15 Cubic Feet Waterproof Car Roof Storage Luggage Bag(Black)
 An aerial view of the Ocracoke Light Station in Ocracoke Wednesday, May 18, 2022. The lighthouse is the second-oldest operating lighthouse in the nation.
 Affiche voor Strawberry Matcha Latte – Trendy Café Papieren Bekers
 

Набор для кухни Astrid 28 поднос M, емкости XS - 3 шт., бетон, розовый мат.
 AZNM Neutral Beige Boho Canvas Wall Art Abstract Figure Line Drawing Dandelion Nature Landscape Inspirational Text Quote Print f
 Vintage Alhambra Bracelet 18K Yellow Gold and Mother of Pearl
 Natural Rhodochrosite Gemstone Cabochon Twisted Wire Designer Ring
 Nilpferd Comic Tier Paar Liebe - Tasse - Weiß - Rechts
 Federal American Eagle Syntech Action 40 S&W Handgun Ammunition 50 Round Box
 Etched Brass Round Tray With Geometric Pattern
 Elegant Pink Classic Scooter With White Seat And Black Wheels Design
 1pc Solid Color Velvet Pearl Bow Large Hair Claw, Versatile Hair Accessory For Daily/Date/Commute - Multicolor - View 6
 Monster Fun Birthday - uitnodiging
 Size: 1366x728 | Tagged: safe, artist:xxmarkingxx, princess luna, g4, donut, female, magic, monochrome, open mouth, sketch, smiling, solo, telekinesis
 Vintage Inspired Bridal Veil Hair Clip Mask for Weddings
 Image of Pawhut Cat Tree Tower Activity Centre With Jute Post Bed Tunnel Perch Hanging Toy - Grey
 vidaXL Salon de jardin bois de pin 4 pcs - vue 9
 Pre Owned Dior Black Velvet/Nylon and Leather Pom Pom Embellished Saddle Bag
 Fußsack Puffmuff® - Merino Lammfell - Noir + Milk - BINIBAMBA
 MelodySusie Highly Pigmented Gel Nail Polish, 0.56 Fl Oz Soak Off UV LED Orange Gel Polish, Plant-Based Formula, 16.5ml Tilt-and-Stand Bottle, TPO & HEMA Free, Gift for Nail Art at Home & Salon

--------------------------------------------------

Your instructions: What you return must match the data line for line.

Task response:
15 Cubic Feet Waterproof Car Roof Storage Luggage Bag(Black)
 An aerial view of the Ocracoke Light Station in Ocracoke Wednesday, May 18, 2022. The lighthouse is the second-oldest operating lighthouse in the nation.
 Affiche voor Strawberry Matcha Latte – Trendy Café Papieren Bekers
 

Набор для кухни Astrid 28 поднос M, емкости XS - 3 шт., бетон, розовый мат.
 AZNM Neutral Beige Boho Canvas Wall Art Abstract Figure Line Drawing Dandelion Nature Landscape Inspirational Text Quote Print f
 Vintage Alhambra Bracelet 18K Yellow Gold and Mother of Pearl
 Natural Rhodochrosite Gemstone Cabochon Twisted Wire Designer Ring
 Nilpferd Comic Tier Paar Liebe - Tasse - Weiß - Rechts
 Federal American Eagle Syntech Action 40 S&W Handgun Ammunition 50 Round Box
 Etched Brass Round Tray With Geometric Pattern
 Elegant Pink Classic Scooter With White Seat And Black Wheels Design
 1pc Solid Color Velvet Pearl Bow Large Hair Claw, Versatile Hair Accessory For Daily/Date/Commute - Multicolor - View 6
 Monster Fun Birthday - uitnodiging
 Size: 1366x728 | Tagged: safe, artist:xxmarkingxx, princess luna, g4, donut, female, magic, monochrome, open mouth, sketch, smiling, solo, telekinesis
 Vintage Inspired Bridal Veil Hair Clip Mask for Weddings
 Image of Pawhut Cat Tree Tower Activity Centre With Jute Post Bed Tunnel Perch Hanging Toy - Grey
 vidaXL Salon de jardin bois de pin 4 pcs - vue 9
 Pre Owned Dior Black Velvet/Nylon and Leather Pom Pom Embellished Saddle Bag
 Fußsack Puffmuff® - Merino Lammfell - Noir + Milk - BINIBAMBA
 MelodySusie Highly Pigmented Gel Nail Polish, 0.56 Fl Oz Soak Off UV LED Orange Gel Polish, Plant-Based Formula, 16.5ml Tilt-and-Stand Bottle, TPO & HEMA Free, Gift for Nail Art at Home & Salon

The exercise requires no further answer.